> [SOURCE MATERIAL]:
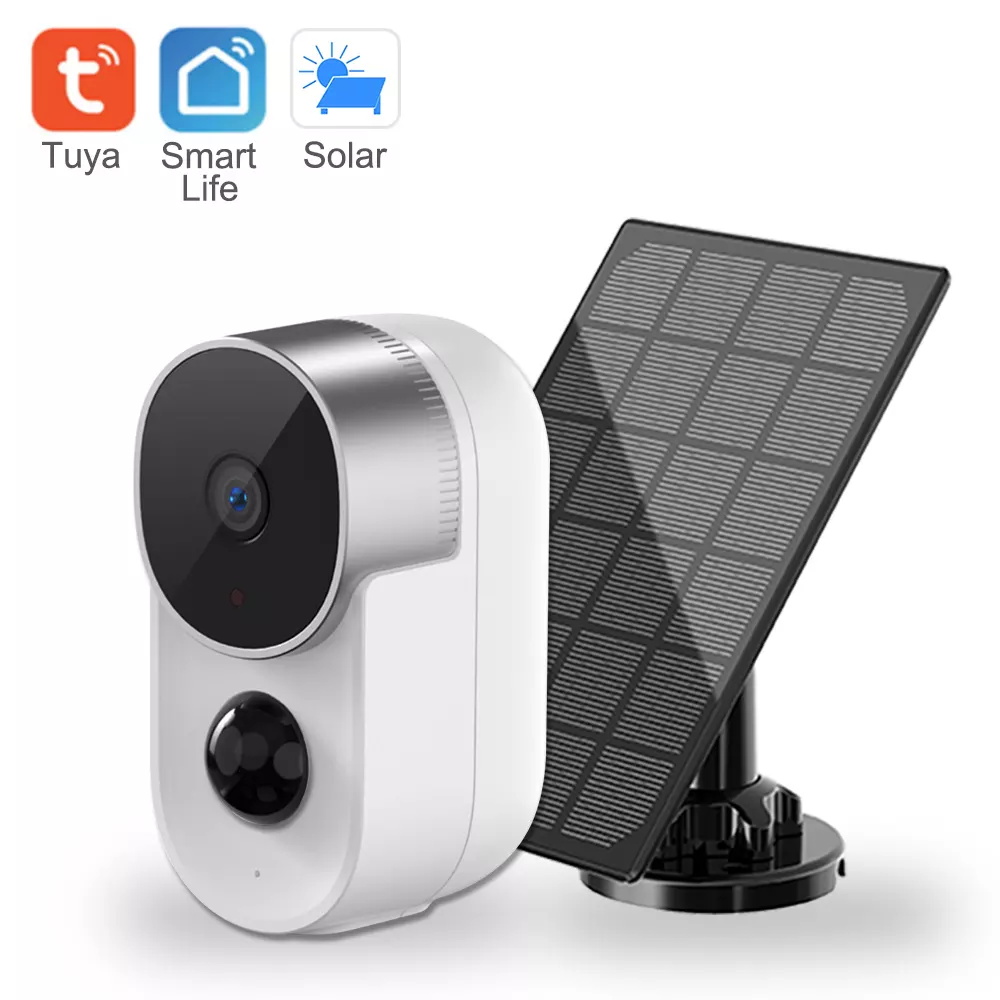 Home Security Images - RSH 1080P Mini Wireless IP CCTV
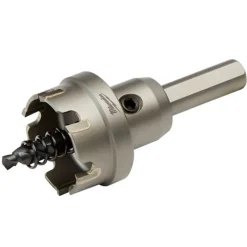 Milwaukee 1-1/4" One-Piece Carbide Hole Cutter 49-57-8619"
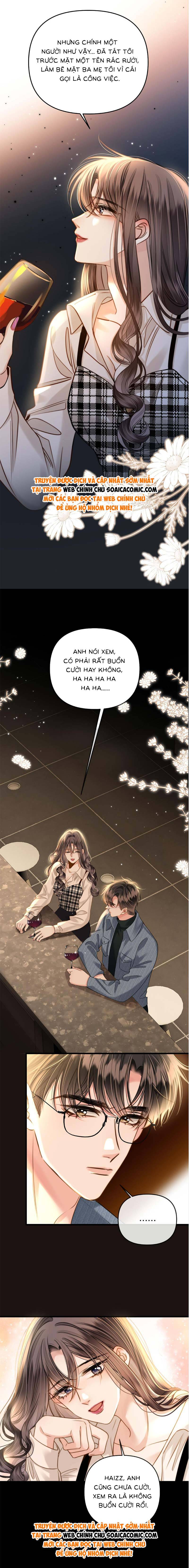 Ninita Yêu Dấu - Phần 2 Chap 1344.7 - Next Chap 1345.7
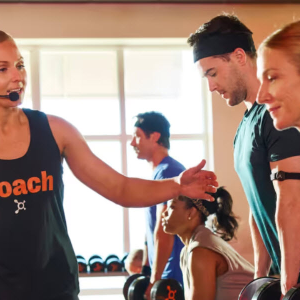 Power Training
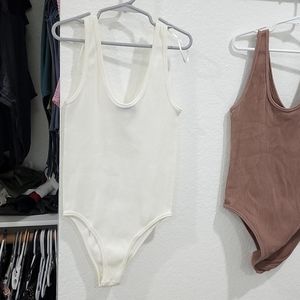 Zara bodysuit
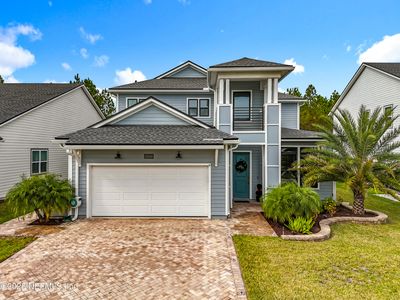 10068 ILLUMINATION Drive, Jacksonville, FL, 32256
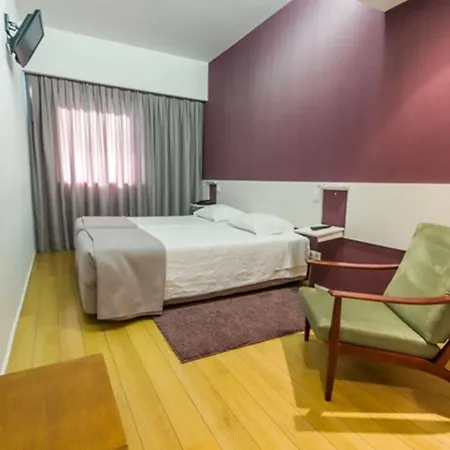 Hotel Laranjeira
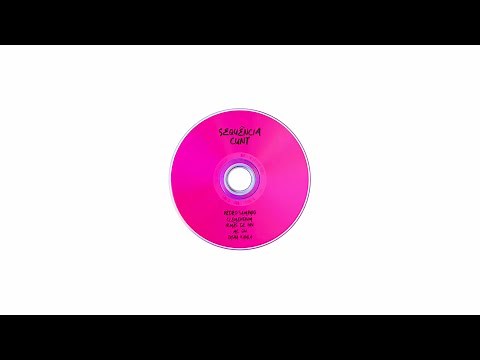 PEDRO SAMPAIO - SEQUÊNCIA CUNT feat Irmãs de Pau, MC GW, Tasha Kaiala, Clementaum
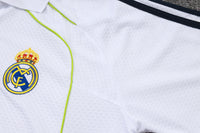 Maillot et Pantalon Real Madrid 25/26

> [ASSIGNMENT]:
Output the material above exactly, without pictures.

> [EXERCISE SOLUTION]:
 Home Security Images - RSH 1080P Mini Wireless IP CCTV
 Milwaukee 1-1/4" One-Piece Carbide Hole Cutter 49-57-8619"
 Ninita Yêu Dấu - Phần 2 Chap 1344.7 - Next Chap 1345.7
 Power Training
 Zara bodysuit
 10068 ILLUMINATION Drive, Jacksonville, FL, 32256
 Hotel Laranjeira
 PEDRO SAMPAIO - SEQUÊNCIA CUNT feat Irmãs de Pau, MC GW, Tasha Kaiala, Clementaum
 Maillot et Pantalon Real Madrid 25/26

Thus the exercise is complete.